À quoi ressemble un bon vin après 150 ans ?
Et que dire d'un sherry antérieur à la Révolution française ? Le spécialiste Noah May rend compte d'un dîner du Christie's Wine Department à Londres au cours duquel d'éminents collectionneurs ont dégusté des vins couvrant trois siècles
Par une froide soirée de décembre de l'année dernière, un groupe de dégustateurs chevronnés du monde entier s'est réuni dans les salles de conseil historiques de Christie's à Londres pour évaluer un groupe rare de vins élaborés dans un large éventail de styles qui s'étendent sur trois siècles.
C'était le dernier d'une longue histoire de dîners œnologiques organisés par le Département des vins de Christie's, dans lequel nous avons tenté de communiquer la longévité et les charmes singuliers des plus grands vins au fil du temps.
La soirée a commencé par l'un des plus grands vols de vins «blancs» que je devrais raisonnablement m'attendre à goûter, et a fait un voyage extraordinaire à partir de là. Voici quelques-unes de mes notes de dégustation d'une occasion mémorable.
Vins blancs
Nous avons pris un départ un peu peu propice avec un 1905 Arbois Blanc c'était juste un peu trop funky - trop sauvage et discordant, alors nous l'avons échangé contre le back-up : 1896 Château Chalon. À partir de là, nous avons cumulé quatre siècles et demi, et une gamme de sensations kaléidoscopiques et profondément évocatrices.

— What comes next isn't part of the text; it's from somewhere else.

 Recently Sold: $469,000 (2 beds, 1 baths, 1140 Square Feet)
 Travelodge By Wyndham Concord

Castillo Ygay du marquis de Murrieta les blancs sont des vins de légende. Colorées, oxydatives et toujours généreuses, elles peuvent durer plusieurs dizaines d'années, mais on a rarement l'occasion de les retrouver 1878, surtout en demi-bouteille. Notre petite beauté soufflée à la bouche provenait directement de Murrieta et avait été soigneusement rebouchée trois fois (1928, 1957 et 1988) au cours de sa longue vie.
À la dégustation, le mérite de tout ce travail acharné s'est immédiatement fait sentir. Le vin était magnifique. Il y avait un piquant huileux dans son noyau mielleux et cireux et un sentiment de complexité en couches, qui était enchanteur et a duré longtemps après la fin du vin.

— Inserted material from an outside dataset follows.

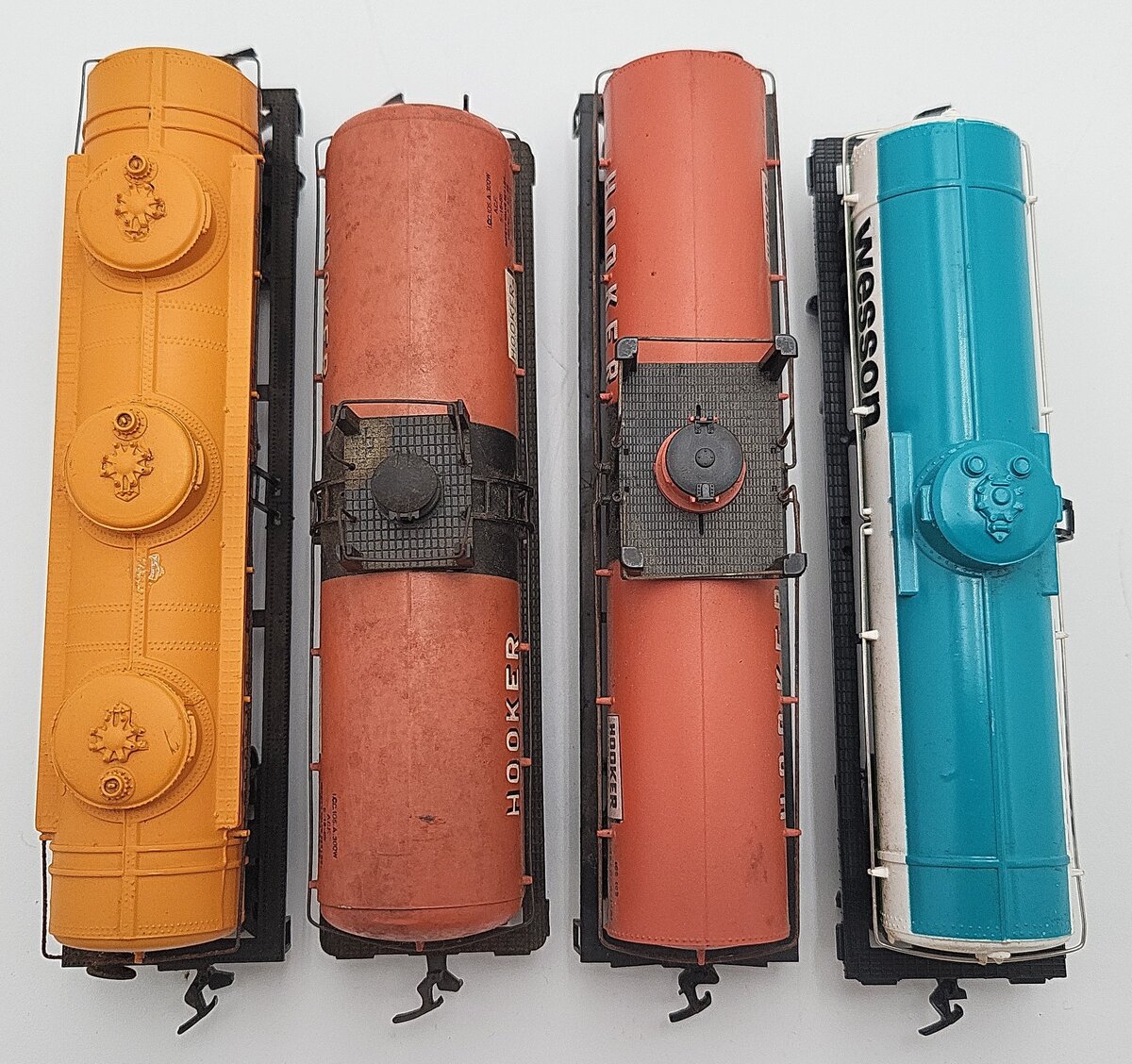 Tyco & Other HO Scale Assorted Tank Cars: 1245, 56656, 56555, 9876 [4] VG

Xérès Manzanilla est généralement bu jeune, peu de temps après sa sortie, et est apprécié pour sa saveur fraîche, florale et salée - idéalement avec du jambon espagnol par temps chaud. Cette bouteille était différente : mise en bouteille à Apsley House, la maison londonienne des ducs de Wellington, en 1865. Nous avons décanté le vin et il a versé du jaune paille dans la carafe.
À plus de 150 ans, il ressemblait presque à un jeune en rama Manzanille. A la dégustation, le 1865 était bien équilibré, crayeux et légèrement noiseté avec un côté fumé caractéristique. Sa couleur et sa démarche juvénile faisaient qu'il était difficile de croire qu'il avait été mis en bouteille à l'époque où Abraham Lincoln était président des États-Unis.

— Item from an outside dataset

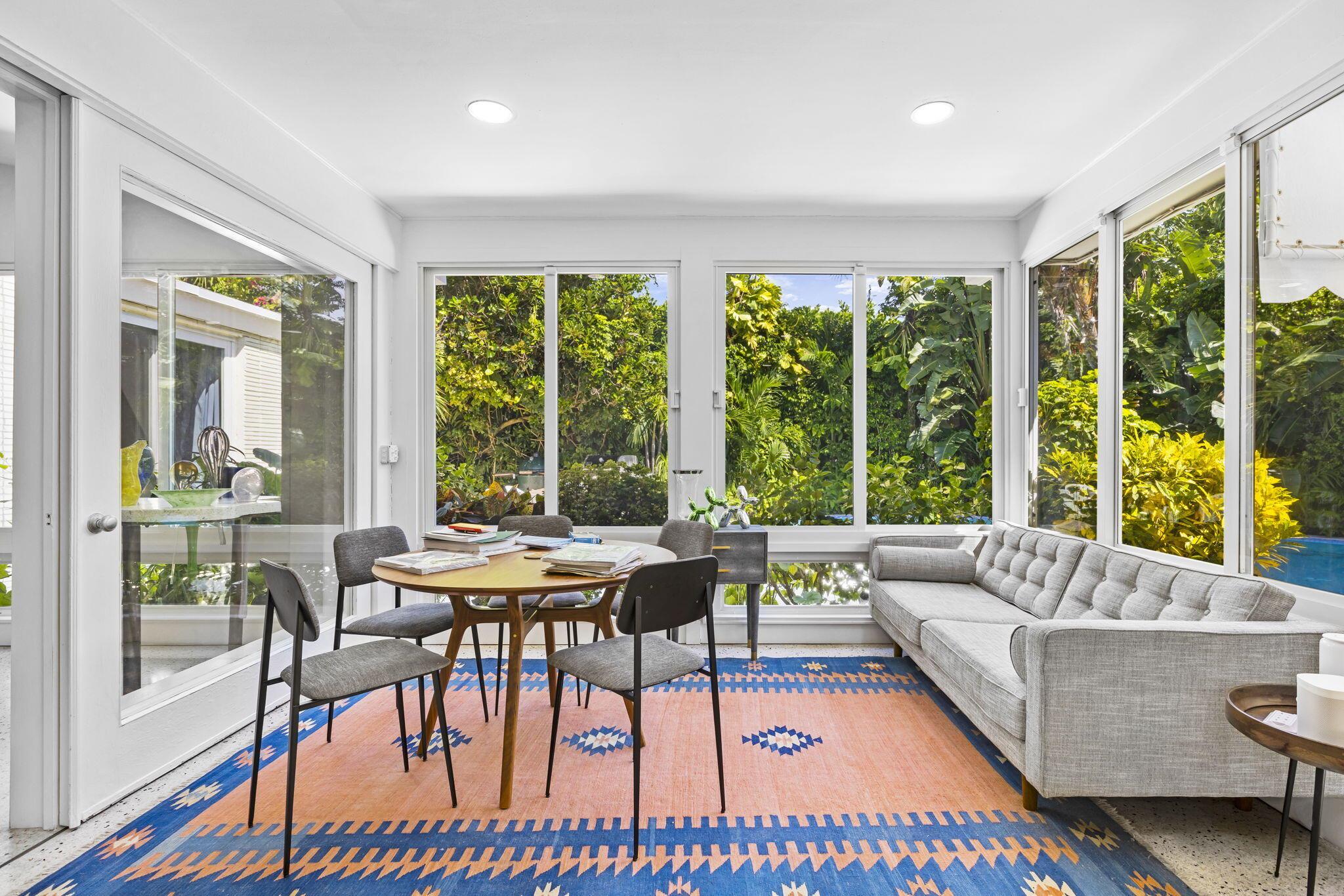 JAMAICA LANE IN - Residential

Le dernier vin du vol, un autre sherry, nous a ramenés près d'un siècle plus loin en 1779 - 10 ans avant la Révolution française. Ce fut une expérience historique et humiliante. L'étiquette indiquait simplement Jerez 1779: texte estompé sur un flacon ancien et irrégulier. On ne savait pas si le vin avait déjà été rebouché, mais le bouchon que nous avons tiré de la bouteille aurait très raisonnablement pu être original - tant il était court, rétréci et saturé.
Étonnamment, le vin s'est déversé avec une belle clarté - un ambre profond et doré dans le verre. Tabac, thé, cuir et notes de vieux meubles caractérisent le nez. Le vin ressemblait à un vieil Amontillado dans le style - entièrement sec, oxydatif et avec une touche de poids alcoolique. La table s'est tue pendant que nous savourions ce beau moment envoûtant.